À l’intérieur, l’odeur familière de bois et de lavande avait disparu. Elle fut remplacée par celle d’oignons frits et d’alcool. La cuisine lui arracha un haut-le-cœur. Les placards béaient, grands ouverts. Sur le plan de travail, ses réserves étaient éventrées : le café coûteux qu’elle s’offrait en rare privilège formait une traînée sombre sur la surface ; un fromage affiné, acheté à prix d’or, avait été massacré, abandonné à côté d’un couteau crasseux. Et là, sur le côté, une bouteille vide d’huile d’olive — celle qu’elle gardait précieusement pour les salades.

— Ils ont cuisiné avec ça ? murmura-t-elle, incrédule, en effleurant la pellicule graisseuse du plan de travail. Ils ont fait frire de la viande dans une huile à plusieurs dizaines d’euros ?

L’évier débordait de vaisselle sale — sa vaisselle. Ses tasses favorites, ses verres délicats, ses assiettes assorties. Même le service à café avait été réquisitionné : un mégot écrasé dans une soucoupe en témoignait.

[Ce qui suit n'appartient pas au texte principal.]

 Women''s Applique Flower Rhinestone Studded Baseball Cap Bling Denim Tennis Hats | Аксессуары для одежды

Dans le salon, une veste en jean gisait sur le canapé clair, à côté d’un sac ouvert d’où dépassaient des oignons verts terreux. Marie s’approcha de la fenêtre. À travers la vitre, elle vit Jacqueline Dumas gesticuler, un pilon de poulet à la main, haranguant l’assemblée qui ponctuait ses paroles d’approbations bruyantes. Elle occupait déjà les lieux en pensée, déplaçait les meubles, retournait les plates-bandes, organisait les futurs week-ends.

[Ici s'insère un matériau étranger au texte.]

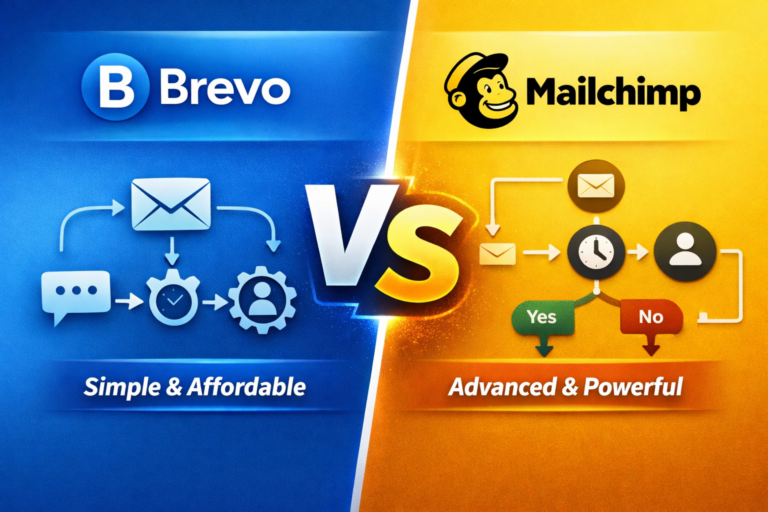 Brevo vs Mailchimp comparison showing pricing, features, and automation differences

Ce n’était pas une visite. C’était une prise de possession.

Si elle se taisait aujourd’hui, si elle cédait ne serait-ce qu’un centimètre, son refuge deviendrait une colocation permanente, saturée d’odeurs d’oignons brûlés et de chants ivres le vendredi soir.

Marie retourna sur la véranda. Les conversations s’éteignirent à son approche. Elle avait l’air de quelqu’un prêt à allumer une mèche.

— Jacqueline Dumas, dit-elle calmement, sans hausser la voix. Vous affirmez qu’une maison doit servir à la famille. Sur ce point, je vous rejoins. Mais vous vous trompez de définition. Ma famille, c’est moi. Et cette maison m’appartient.

Un silence compact s’abattit.

— Vous avez quarante minutes pour rassembler vos affaires. Si dans quarante minutes vous êtes encore ici, je commencerai à jeter vos effets par-dessus la clôture. Et je débuterai par ce saladier.

Elle posa la main sur le rebord du bol japonais rempli de macédoine. Jacqueline Dumas resta bouche bée, le morceau de poulet suspendu à mi-chemin. L’air sembla s’alourdir, épais comme la fumée grasse du barbecue. Près des braises, Pierre Nicolas releva enfin la tête, le visage blême, comprenant que la tempête qu’il redoutait depuis le début venait d’éclater.